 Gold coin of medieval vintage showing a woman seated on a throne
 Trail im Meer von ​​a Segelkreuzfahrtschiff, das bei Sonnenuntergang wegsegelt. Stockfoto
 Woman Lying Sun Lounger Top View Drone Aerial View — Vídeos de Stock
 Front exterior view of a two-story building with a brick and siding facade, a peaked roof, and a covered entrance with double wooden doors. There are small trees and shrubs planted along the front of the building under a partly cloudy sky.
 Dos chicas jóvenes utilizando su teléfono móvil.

######

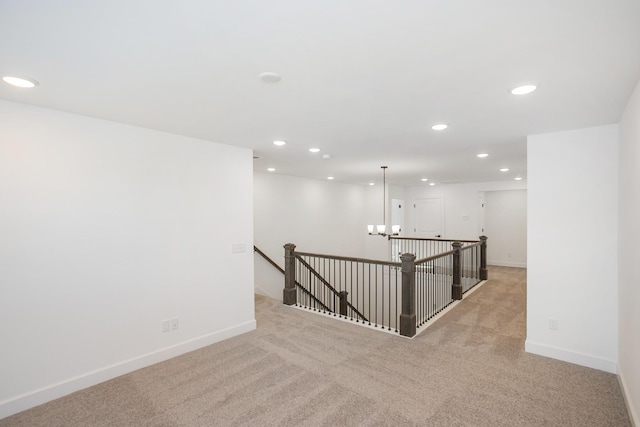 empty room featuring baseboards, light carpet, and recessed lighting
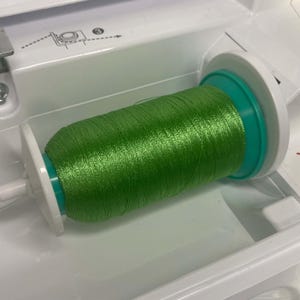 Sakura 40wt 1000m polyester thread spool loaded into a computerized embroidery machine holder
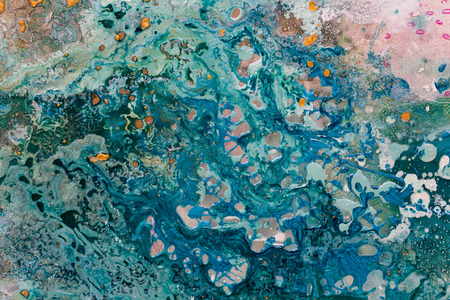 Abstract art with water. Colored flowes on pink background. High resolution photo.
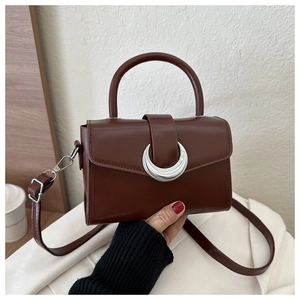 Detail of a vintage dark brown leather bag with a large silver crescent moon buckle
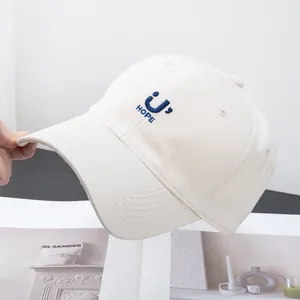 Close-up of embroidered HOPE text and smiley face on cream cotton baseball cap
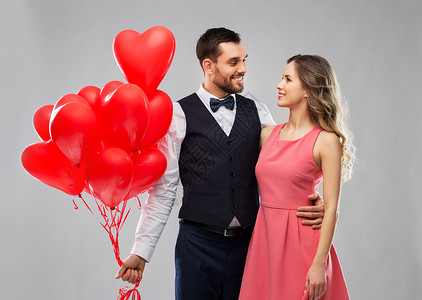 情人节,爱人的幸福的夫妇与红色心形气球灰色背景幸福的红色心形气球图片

######

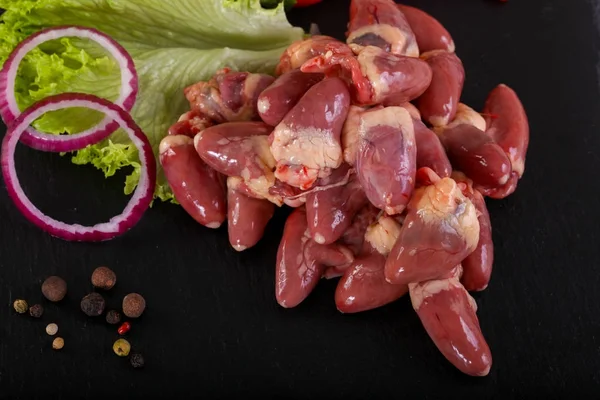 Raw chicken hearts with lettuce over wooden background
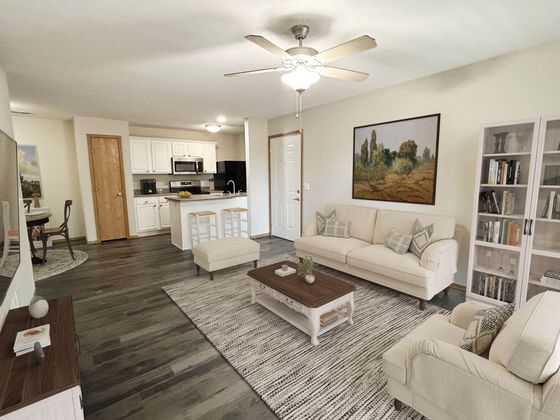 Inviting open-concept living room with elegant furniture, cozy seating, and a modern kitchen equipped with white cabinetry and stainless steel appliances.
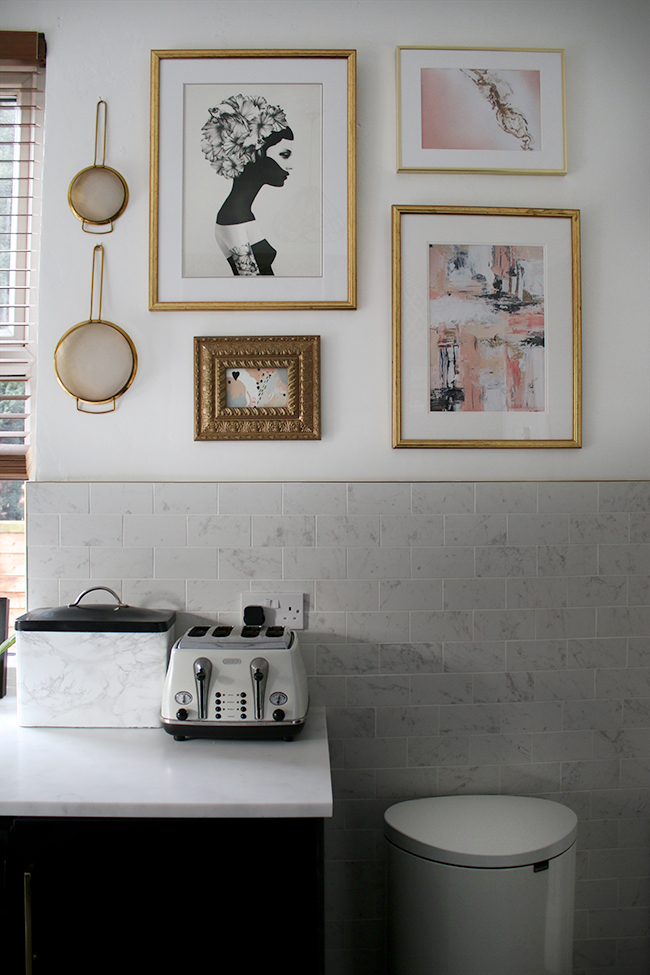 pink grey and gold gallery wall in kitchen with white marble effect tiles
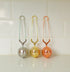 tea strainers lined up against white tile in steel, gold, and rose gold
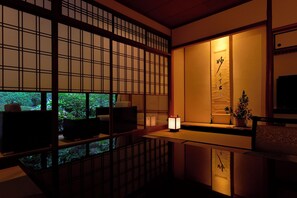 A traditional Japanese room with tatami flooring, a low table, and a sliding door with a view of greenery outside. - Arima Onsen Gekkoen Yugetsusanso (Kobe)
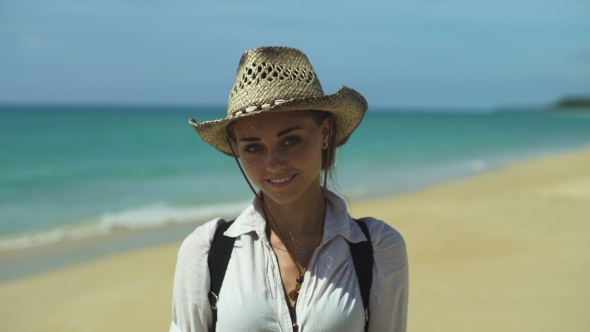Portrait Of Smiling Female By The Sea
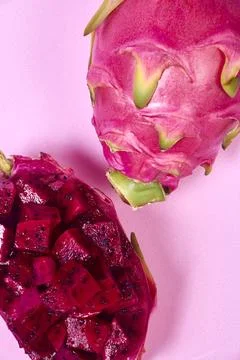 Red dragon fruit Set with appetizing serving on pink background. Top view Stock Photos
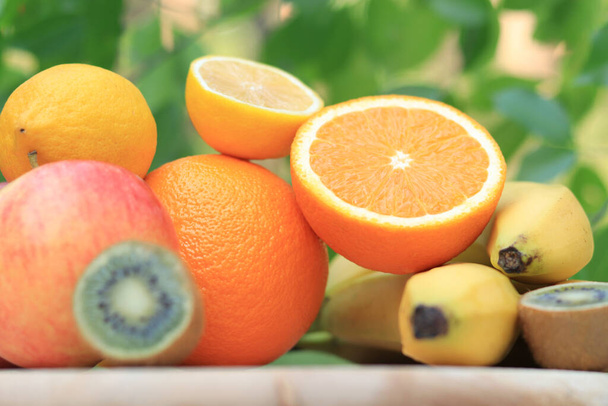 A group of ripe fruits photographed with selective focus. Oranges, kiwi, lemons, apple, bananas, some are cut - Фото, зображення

######

* _WHAT TO DO_
Among the lines above, repeat exactly those from the line with "Gold coin of" to the line with "Dos chicas jóvenes", counting both ends.

* _WRITTEN RESPONSE_
 Gold coin of medieval vintage showing a woman seated on a throne
 Trail im Meer von ​​a Segelkreuzfahrtschiff, das bei Sonnenuntergang wegsegelt. Stockfoto
 Woman Lying Sun Lounger Top View Drone Aerial View — Vídeos de Stock
 Front exterior view of a two-story building with a brick and siding facade, a peaked roof, and a covered entrance with double wooden doors. There are small trees and shrubs planted along the front of the building under a partly cloudy sky.
 Dos chicas jóvenes utilizando su teléfono móvil.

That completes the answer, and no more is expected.